Cody The secret is RDMA. Remote Direct Memory Access. It’s a networking trick that lets one machine grab data directly from another machine’s memory, completely bypassing the operating system and the CPU on the serving node. So the throughput and latency aren’t bound by the server’s CPU at all. It’s a direct path to the memory sticks.
Justy Oh interesting.
Justy So it’s kind of like Data Boost for disks, but for memory. I remember Data Boost let heavy analytics jobs bypass the main serving CPUs to hit storage directly, which stopped them from clobbering production traffic. This feels like the real-time equivalent of that.

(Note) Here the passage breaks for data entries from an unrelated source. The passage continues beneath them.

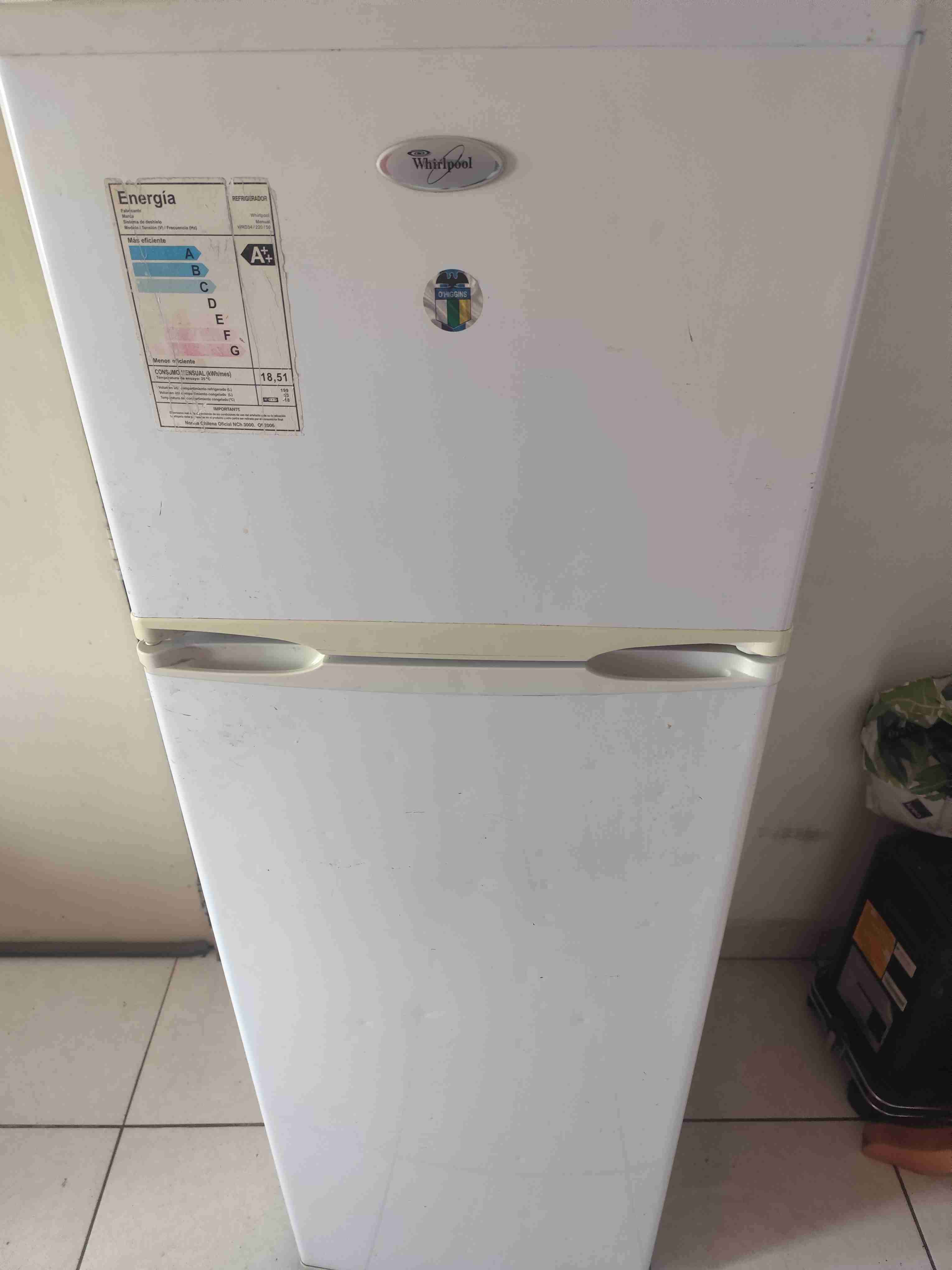 Refrigerador Whirlpool blanco - miniatura 1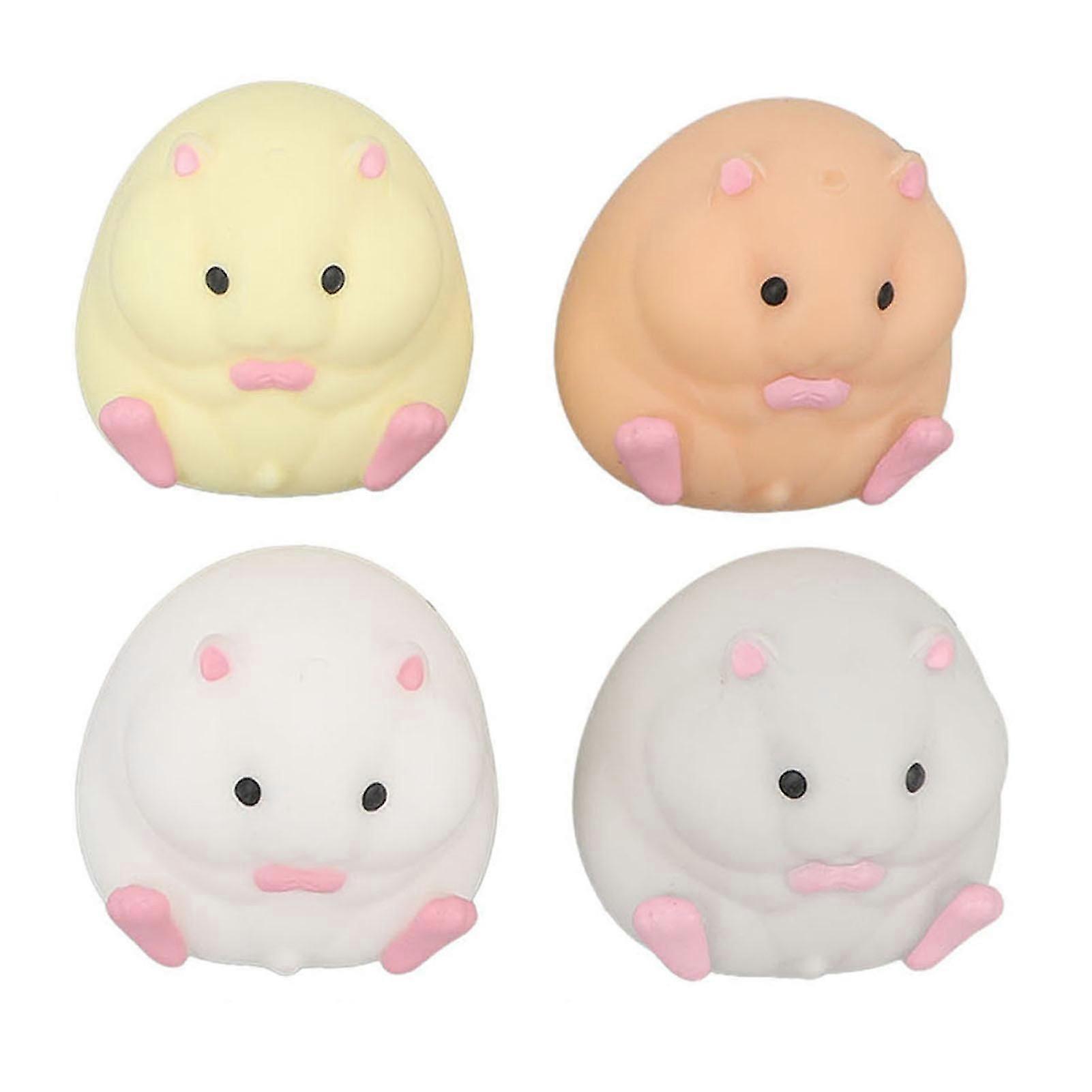 4色ハムスターストレスリリーフ玩具面白い感覚ストレッチかわいい減圧スクイーズハムスターの形のおもちゃ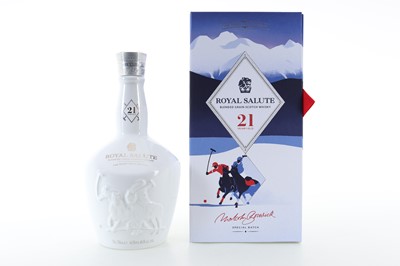 Lot 225 - CHIVAS ROYAL SALUTE 21 YEAR OLD SNOW POLO EDITION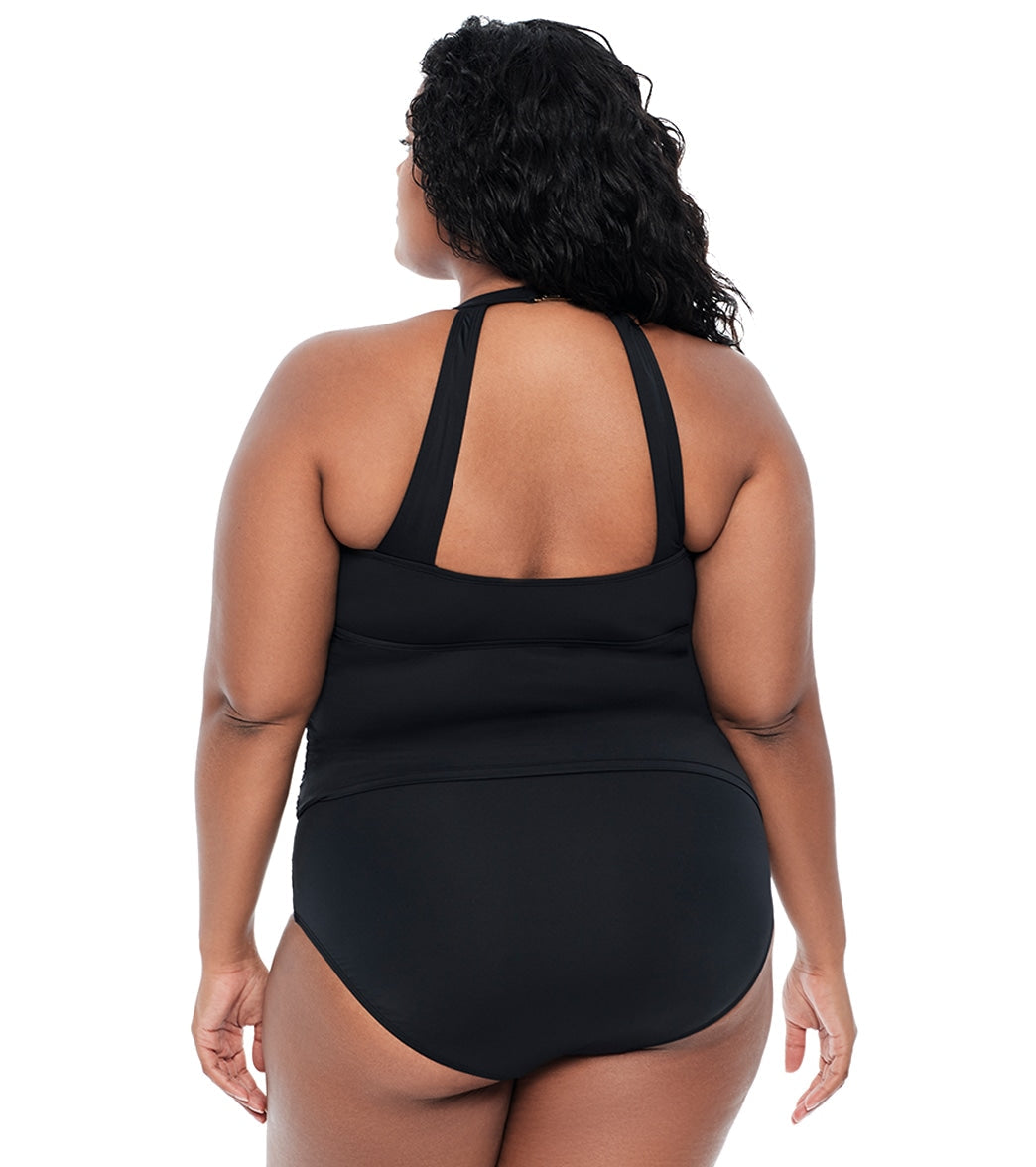 Lauren Ralph Lauren Women's Plus Size Beach Club Tankini Top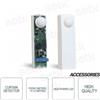 AMC IF16/L - Sensore ad infrarossi passivo protezione a tenda - portata regolabile da 2 mt a 3,5 - Colore Bianco - AMC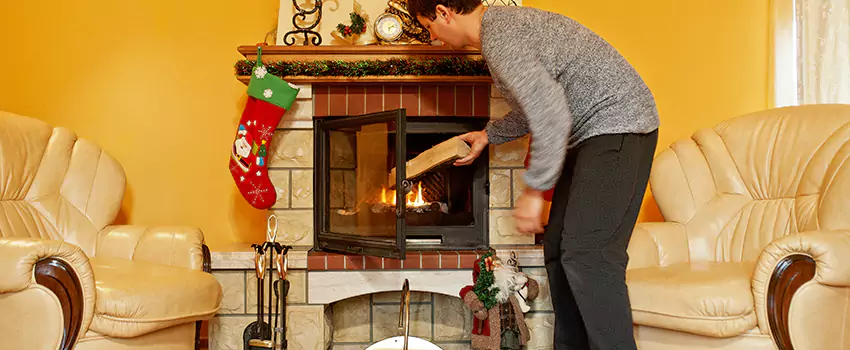 Gas to Wood-Burning Fireplace Conversion Services in Bay City, Texas
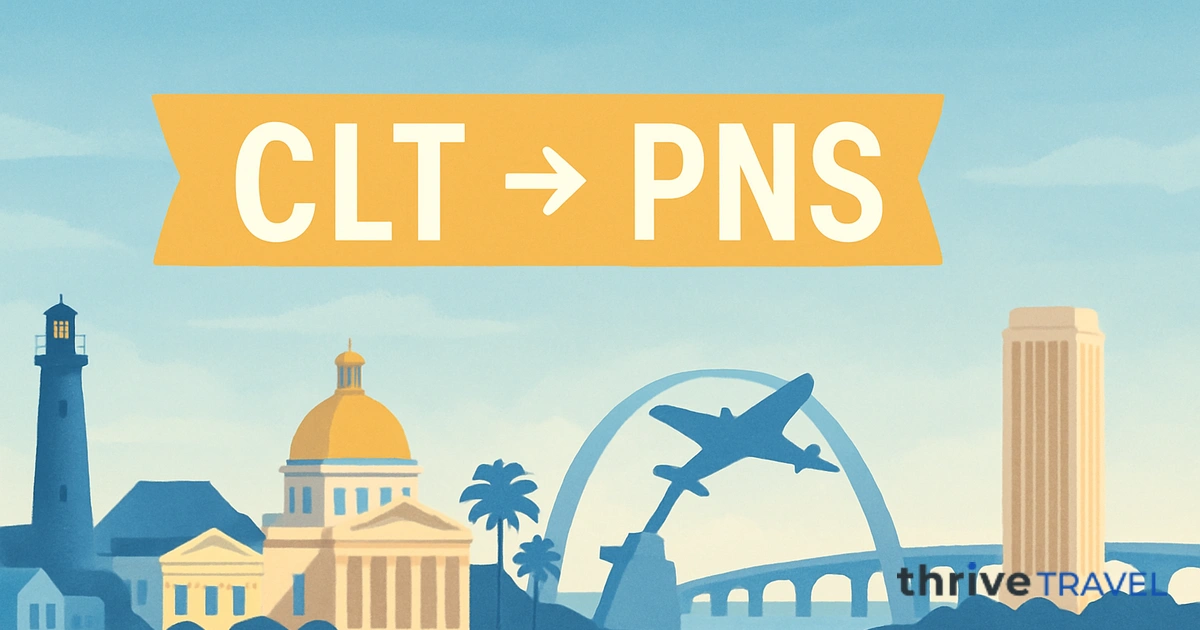 Charlotte to Pensacola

Cody Exactly. Data Boost is a high-speed direct path to disk, and RDMA provides a high-speed direct path to memory. It’s the same philosophy. The real killer feature hidden in the announcement, though, is the hotspot resistance. They’re claiming 120,000 queries per second on a single row. That’s absurd. In a traditional system, a single row getting that much traffic would completely crush the server hosting that shard, but RDMA decouples the read load from that server’s compute.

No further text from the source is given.